For a man of Chance Broderick's charm and wealth, Boston offers plenty of tempting distractions. But when he receives word that his brother is in danger in Arizona Territory, Chance dutifully travels west. There he finds a wild, lawless land full of surprises. The biggest shock is discovering that the tracker he's hired...
In a spellbinding, passionate adventure, New York Times bestselling author Bobbi Smith brings together a dashing Easterner and a proud, unconventional woman. . .
For a man of Chance Broderick's charm and wealth, Boston offers plenty of tempting distractions. But when he receives word that his brother is in danger in Arizona Territory, Chance dutifully travels west. There he finds a wild, lawless land full of surprises. The biggest shock is discovering that the tracker he's hired is not the brash boy he assumed, but a beautiful, thoroughly independent young woman.
Raised by her grandfather after the death of her white father and Pima mother, Rori has learned to fend for herself. Nothing would satisfy her more than showing the arrogant Broderick a thing or two. Nothing—except the searing pleasure of his touch. For Rori can't help craving Chance as fiercely as he desires her, despite the worlds of difference that threaten to divide them. . .
Chance Broderick stood at the window in the parlor of his family's Boston home, his stance relaxed, his back to his mother as she related her tale of woe. Agatha Broderick, who was seated on the love seat behind him in the sumptuous sitting room, paused in what she was saying and glowered at her oldest offspring in annoyance. Society matron that she was, she was not accustomed to being ignored in such a manner, not even by Chance, who, since his father's death ten years prior, had been head of the family. True, he was twenty-eight and had been his own man for some time now, but that did not excuse his behavior.

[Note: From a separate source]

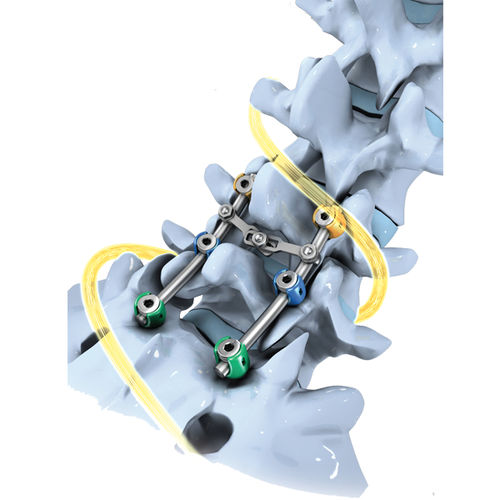 Stabilisierungssystem für Osteosynthese / Lumbal-Sakral - SLICK'S® - Biotechni - dorsaler Zugang / für Erwachsene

"Chancellor Broderick!" Her tone was full of censure.
Recognizing that imperious command from his childhood, Chance faced his mother. Leaning negligently against the window frame, he crossed his arms across the broad width of his chest and met her brown-eyed gaze across the room. A small smile played about his firm, chiseled lips, but he knew better than to give in to the urge to grin. It would never do when dealing with his mother.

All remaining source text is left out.